I am finding the writing of reading commentaries a helpful process. Each time I've written one, I've figured out things about the text that I hadn't noticed, even during a thoughtful reading. In fact, I've started to mistrust my initial reaction to any text, whether my own writing or someone else's.

I've been working today on my commentary for Tahar Ben Jelloun's The Sacred Night. I finished reading it last week and wasn't sure what to write about it. I found something that happened about a third of the way through the book fairly disturbing and I had not been able to reconcile this event with the rest of the book. I found myself questioning the way this particular event was handled because the author is a man and the first person protagonist is a woman--a young woman at that particular point in the story.
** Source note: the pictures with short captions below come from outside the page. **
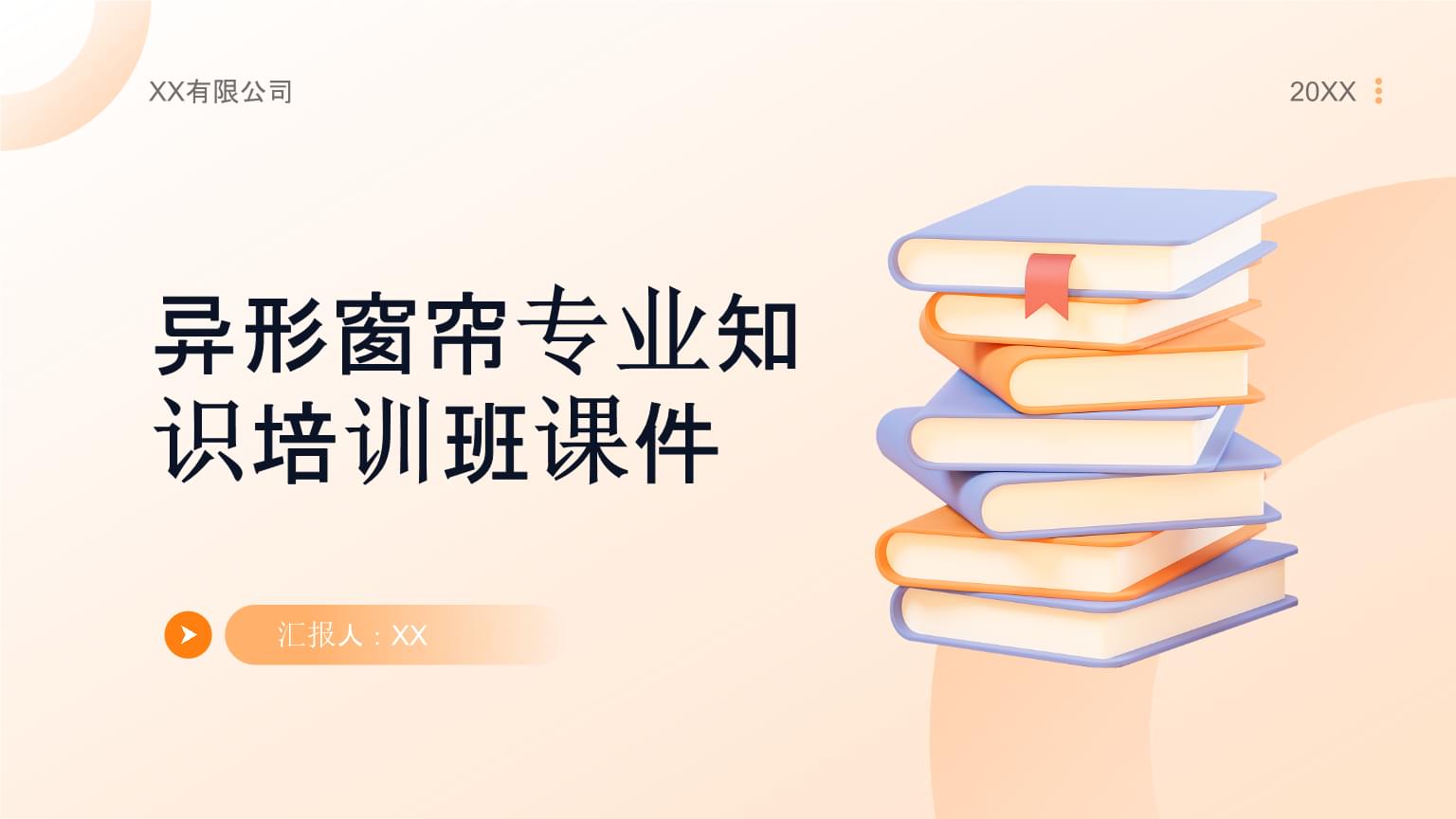 異形窗簾專業知識培訓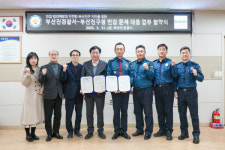 부산진경찰서·부산진구청 빈집 문제 대응 업무협약 체결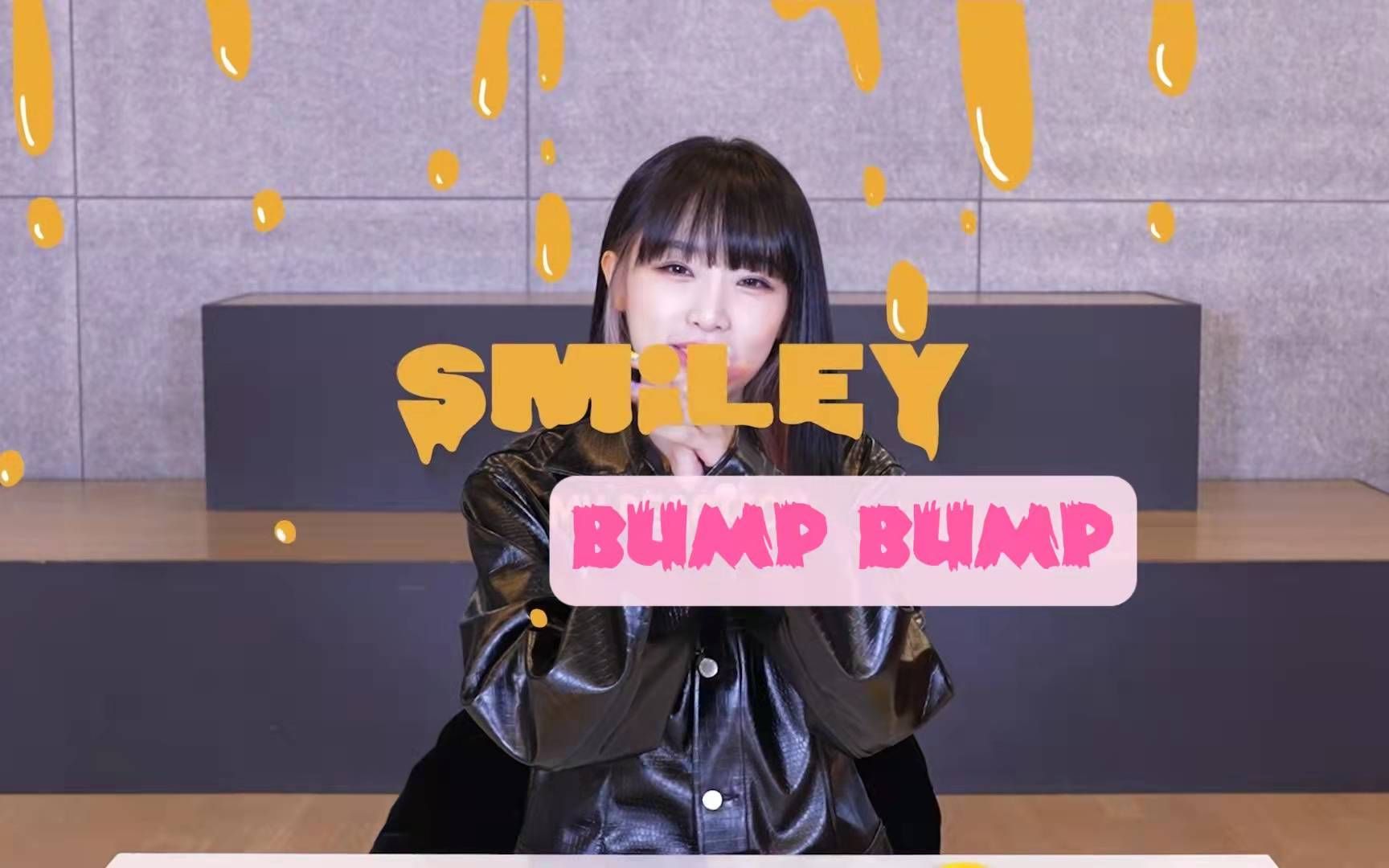 [图]【瞎剪】BUMP ˣ‿ˣ(SMiLEY) | 曹承衍 * 崔叡娜 | 用BUMP打开 ˣ‿ˣ(SMiLEY) | solo快乐！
The particular event I to which I refer is a rape. I felt that the writer didn't handle the emotions of the narrator well. But in retrospect, I realize that the rape was more than just a rape. It served several purposes. I also came to believe today that this character is actually a representation of woman in the North African culture at the time in which the novel is set. All the difficult events that occur in her life represent the various ways in which women were and are treated in that culture (and to a lesser extent) in our own culture.

It was only in thinking about the book for several days, reading about the author and his life and other works, and then trying to write about the story that all the separate realizations and bits of information coalesced into a larger, more meaningful whole. It's kind of exciting. Now I just have to work on the form a little.

In addition, I just went back to Pete's email in which he sent me some sample reading commentaries that he thought were good. Rereading his email after getting over my initial reaction to his critique of my work (which was not wrong--it just worried me), I realize that his email response to my question was much more clear and positive than I had originally made it out to be. If I had quoted it before without looking back, I know I would have worded it quite differently. This was a pretty big discovery for me. I really have to remind myself that I tend to project my own lack of confidence in my work into other people's comments. As I've said all along, he couldn't have been nicer, but now I realize, he was even NICER than I perceived him as being. Nuff said, except... I'm a moron. But there is a cure for that involving going to Lourdes or something, probably.